Now I only post polished mixes of arrangements or melodies I'm proud of. Nothing that I'd like criticism on, because I know some of my family and non-musician friends will see the tracks and say something. I've gone from posting 4 times a day, to once every 4 months. Maybe going back there isn't a good business decision for Soundcloud, but the "magic" is just gone for me with it's current experience.
Thanks for telling me about this, I'm going to give it a try! Now the tough part will be getting my other friends to try it out as well as the same time.
Yeah it's a pretty neat system though using Dropbox and if anything it can give you some tips about sharing just on your own (Save All, Uploading in proper folders). There are lots of remix contests and the like if you feel up for a challenge.
And the annoying bug on the native mobile app where it randomly stops playing, which has been a problem for so long and still hasn't been fixed despite the companies worth...
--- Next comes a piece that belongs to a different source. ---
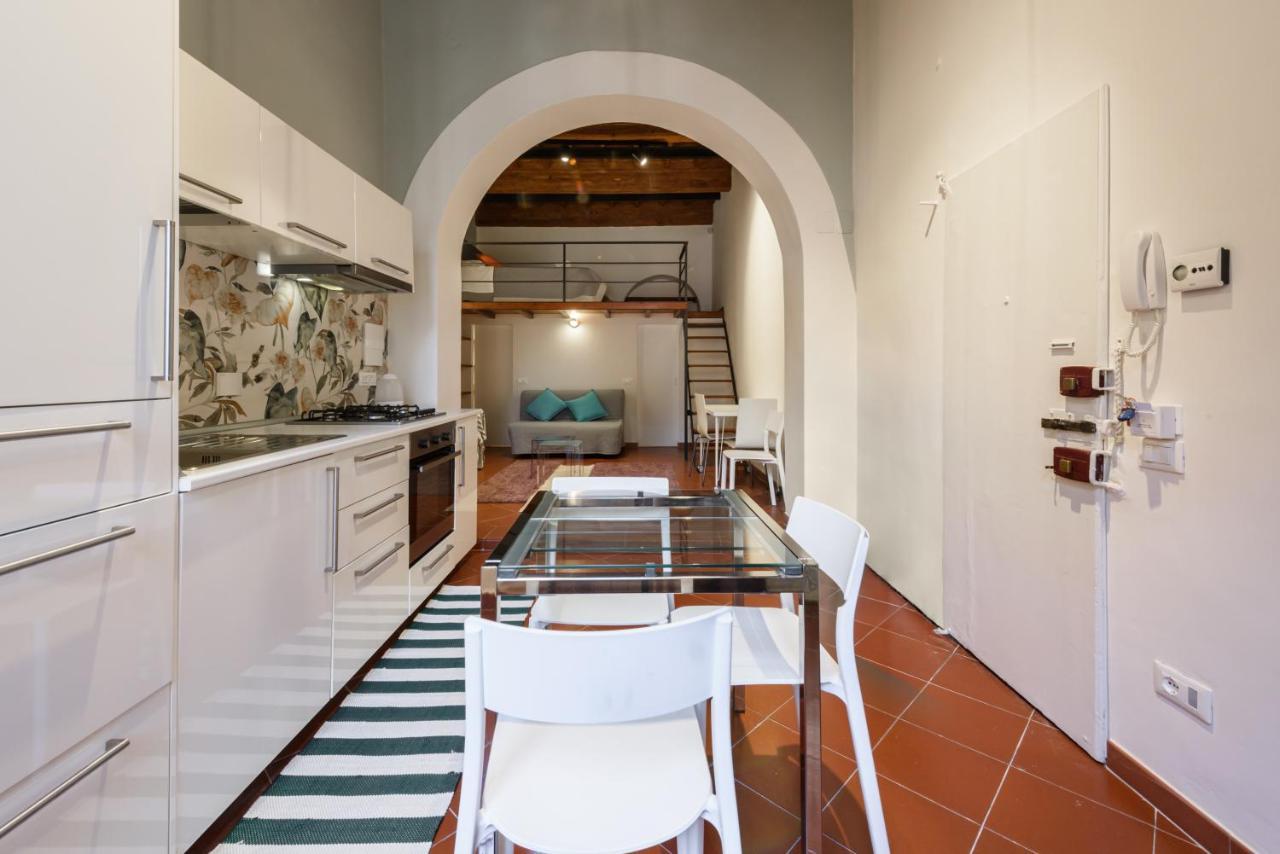 Classic Loft By Mmega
Thanks for the heads-up about the site - honestly I've found a lot of good, new, or developing channels through this site and comments like yours. I've taken a look and joined up, and will be definitely interested to play around with it! This fits perfectly in the discussion in my opinion. Looking forward to exploring more.
> I've been a daily soundcloud user for almost 6 years. At some point they gave up on trying to change or improve the user experience.
Yeah, probably at the point when they started hemorrhaging money. Why do people expect a company that is dying to focus on UI improvements? Like any other business in the world, their focus is on staying alive.
How do developers focus on "staying alive" if not by making the product better (or leaving)? I'd expect that the architecture issues of growing larger have mostly been solved by now.
They probably work on things that help bring in more paying customers. UI tweaks isn't among those things. I'm betting they have a whole analytics team, for example.
By tidying some licensing loose ends with that Big Label agreement they signed a couple of weeks ago it seems to me they're readying themselves to be acquired pretty soon.
In three years, it seems they've just made the UI elements bigger, and added background images for songs and profiles. I was really hoping to see the ability to post text messages into people's timelines. Something to communicate to your followers.